Work task: From the listing below, output only the lines starting at the line that has "Brand new : COACH" and ending at the line that has "2017 Jeep Compass (Photo 12 of 49)", exactly as they appear, ends included.
══════════════════════════════
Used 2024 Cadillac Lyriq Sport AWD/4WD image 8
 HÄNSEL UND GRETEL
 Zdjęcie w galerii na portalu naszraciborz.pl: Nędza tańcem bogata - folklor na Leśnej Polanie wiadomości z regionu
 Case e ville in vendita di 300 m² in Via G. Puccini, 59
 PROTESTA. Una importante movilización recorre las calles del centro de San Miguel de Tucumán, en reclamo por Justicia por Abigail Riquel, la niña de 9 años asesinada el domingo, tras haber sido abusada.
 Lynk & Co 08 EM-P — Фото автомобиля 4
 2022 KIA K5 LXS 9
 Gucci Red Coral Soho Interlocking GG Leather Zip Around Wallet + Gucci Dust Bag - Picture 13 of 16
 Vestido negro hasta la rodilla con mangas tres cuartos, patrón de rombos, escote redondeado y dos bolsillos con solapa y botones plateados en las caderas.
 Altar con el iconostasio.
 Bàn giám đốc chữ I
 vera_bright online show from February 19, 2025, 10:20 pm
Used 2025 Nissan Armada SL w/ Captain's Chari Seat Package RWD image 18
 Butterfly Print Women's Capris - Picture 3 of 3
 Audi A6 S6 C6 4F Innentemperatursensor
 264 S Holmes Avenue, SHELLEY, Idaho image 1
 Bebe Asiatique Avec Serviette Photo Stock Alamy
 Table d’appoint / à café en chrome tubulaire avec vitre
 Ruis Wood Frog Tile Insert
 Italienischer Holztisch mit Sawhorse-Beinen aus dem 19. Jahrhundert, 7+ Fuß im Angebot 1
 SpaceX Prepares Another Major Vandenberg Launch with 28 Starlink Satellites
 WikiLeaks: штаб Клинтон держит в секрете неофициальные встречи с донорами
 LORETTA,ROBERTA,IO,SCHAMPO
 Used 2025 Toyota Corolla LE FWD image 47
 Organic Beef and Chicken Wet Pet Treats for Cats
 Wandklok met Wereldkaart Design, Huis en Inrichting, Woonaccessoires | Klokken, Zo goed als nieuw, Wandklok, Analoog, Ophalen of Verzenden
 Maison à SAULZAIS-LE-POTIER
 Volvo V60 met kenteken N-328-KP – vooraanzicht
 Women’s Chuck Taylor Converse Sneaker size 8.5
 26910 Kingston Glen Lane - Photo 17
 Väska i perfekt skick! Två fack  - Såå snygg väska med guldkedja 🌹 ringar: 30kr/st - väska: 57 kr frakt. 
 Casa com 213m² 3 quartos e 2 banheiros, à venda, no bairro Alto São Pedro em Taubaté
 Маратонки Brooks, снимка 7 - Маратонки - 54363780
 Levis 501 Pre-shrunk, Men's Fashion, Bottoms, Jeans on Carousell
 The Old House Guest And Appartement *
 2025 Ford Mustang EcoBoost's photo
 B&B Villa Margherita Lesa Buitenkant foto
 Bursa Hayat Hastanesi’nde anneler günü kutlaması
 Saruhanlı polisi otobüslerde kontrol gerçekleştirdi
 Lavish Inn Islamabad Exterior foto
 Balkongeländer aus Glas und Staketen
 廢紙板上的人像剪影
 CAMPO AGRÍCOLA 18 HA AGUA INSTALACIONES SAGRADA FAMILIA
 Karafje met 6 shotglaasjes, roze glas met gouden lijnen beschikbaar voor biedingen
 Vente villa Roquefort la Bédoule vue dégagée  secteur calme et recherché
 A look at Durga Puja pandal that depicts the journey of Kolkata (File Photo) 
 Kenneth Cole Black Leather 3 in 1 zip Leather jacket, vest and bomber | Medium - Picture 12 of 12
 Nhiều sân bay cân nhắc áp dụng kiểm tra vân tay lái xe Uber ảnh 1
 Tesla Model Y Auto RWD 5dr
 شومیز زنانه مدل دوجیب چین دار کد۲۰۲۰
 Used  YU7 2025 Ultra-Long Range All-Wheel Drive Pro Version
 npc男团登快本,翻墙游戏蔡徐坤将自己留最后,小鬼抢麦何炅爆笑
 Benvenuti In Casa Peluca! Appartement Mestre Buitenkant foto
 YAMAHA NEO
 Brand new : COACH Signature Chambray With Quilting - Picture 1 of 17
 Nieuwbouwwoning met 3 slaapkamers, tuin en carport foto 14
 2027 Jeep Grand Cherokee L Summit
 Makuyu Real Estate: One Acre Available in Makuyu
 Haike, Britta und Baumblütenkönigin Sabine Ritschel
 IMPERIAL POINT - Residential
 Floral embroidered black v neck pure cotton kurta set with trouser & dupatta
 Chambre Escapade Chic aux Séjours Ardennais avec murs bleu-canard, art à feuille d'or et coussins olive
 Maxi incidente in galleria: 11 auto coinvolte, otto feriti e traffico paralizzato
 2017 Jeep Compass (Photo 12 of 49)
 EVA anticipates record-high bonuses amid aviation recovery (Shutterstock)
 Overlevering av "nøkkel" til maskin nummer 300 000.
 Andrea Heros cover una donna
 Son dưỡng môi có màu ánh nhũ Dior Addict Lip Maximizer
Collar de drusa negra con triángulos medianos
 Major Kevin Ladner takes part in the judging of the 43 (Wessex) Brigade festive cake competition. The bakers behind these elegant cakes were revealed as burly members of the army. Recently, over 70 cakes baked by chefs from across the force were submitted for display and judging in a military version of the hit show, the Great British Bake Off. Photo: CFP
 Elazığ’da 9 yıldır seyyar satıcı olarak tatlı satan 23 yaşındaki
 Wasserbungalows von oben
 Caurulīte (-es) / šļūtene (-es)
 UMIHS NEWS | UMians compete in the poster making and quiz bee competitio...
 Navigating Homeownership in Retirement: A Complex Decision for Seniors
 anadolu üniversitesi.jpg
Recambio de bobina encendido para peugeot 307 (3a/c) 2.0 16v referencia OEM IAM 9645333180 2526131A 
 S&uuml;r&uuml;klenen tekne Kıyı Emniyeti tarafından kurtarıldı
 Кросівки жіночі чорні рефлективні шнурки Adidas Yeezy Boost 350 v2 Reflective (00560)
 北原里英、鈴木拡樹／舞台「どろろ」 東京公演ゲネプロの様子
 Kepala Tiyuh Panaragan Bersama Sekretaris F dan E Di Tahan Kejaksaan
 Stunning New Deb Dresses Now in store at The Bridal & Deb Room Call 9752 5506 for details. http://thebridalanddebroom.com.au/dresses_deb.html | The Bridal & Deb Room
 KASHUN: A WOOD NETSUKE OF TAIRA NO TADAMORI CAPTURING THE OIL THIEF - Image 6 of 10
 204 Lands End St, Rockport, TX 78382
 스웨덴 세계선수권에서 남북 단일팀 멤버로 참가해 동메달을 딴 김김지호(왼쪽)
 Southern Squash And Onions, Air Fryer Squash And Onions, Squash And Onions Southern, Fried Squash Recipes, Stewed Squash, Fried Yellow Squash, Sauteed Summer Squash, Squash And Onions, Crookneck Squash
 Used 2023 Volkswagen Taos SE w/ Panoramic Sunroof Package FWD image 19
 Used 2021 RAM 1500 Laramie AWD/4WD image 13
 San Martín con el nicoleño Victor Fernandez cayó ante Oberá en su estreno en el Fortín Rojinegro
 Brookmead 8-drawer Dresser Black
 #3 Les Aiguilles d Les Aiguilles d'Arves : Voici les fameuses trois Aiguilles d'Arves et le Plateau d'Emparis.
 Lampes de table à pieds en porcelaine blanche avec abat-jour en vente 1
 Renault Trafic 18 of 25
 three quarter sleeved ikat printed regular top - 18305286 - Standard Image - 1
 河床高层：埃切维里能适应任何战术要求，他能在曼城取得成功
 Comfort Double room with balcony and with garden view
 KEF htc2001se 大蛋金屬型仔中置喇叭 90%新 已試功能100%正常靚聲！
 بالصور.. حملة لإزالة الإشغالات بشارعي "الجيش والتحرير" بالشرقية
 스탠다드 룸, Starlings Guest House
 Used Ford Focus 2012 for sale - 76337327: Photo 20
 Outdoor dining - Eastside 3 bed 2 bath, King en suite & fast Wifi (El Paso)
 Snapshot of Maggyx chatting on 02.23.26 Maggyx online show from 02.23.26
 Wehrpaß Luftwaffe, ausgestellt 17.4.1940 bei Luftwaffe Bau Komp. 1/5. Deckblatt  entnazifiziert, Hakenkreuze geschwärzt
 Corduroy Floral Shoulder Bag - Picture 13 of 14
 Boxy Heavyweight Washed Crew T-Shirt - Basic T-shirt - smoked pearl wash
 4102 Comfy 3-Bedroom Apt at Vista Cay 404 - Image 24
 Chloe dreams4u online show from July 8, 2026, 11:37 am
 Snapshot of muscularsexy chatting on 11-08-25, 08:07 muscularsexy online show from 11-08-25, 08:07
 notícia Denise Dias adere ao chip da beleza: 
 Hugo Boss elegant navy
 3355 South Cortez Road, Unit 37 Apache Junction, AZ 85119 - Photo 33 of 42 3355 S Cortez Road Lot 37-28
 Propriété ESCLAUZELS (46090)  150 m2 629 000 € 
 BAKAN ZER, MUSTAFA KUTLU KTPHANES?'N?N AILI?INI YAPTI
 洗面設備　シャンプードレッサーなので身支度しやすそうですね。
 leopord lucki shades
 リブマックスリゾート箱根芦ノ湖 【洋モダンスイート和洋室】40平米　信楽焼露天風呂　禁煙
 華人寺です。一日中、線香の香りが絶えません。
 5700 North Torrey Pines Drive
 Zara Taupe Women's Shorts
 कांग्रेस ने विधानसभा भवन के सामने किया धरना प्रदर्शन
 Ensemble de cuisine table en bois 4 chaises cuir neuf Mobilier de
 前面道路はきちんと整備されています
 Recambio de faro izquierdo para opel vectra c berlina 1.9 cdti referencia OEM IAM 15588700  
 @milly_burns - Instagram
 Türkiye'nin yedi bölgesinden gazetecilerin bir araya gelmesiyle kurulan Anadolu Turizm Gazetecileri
══════════════════════════════
Answer for this exercise:
 Brand new : COACH Signature Chambray With Quilting - Picture 1 of 17
 Nieuwbouwwoning met 3 slaapkamers, tuin en carport foto 14
 2027 Jeep Grand Cherokee L Summit
 Makuyu Real Estate: One Acre Available in Makuyu
 Haike, Britta und Baumblütenkönigin Sabine Ritschel
 IMPERIAL POINT - Residential
 Floral embroidered black v neck pure cotton kurta set with trouser & dupatta
 Chambre Escapade Chic aux Séjours Ardennais avec murs bleu-canard, art à feuille d'or et coussins olive
 Maxi incidente in galleria: 11 auto coinvolte, otto feriti e traffico paralizzato
 2017 Jeep Compass (Photo 12 of 49)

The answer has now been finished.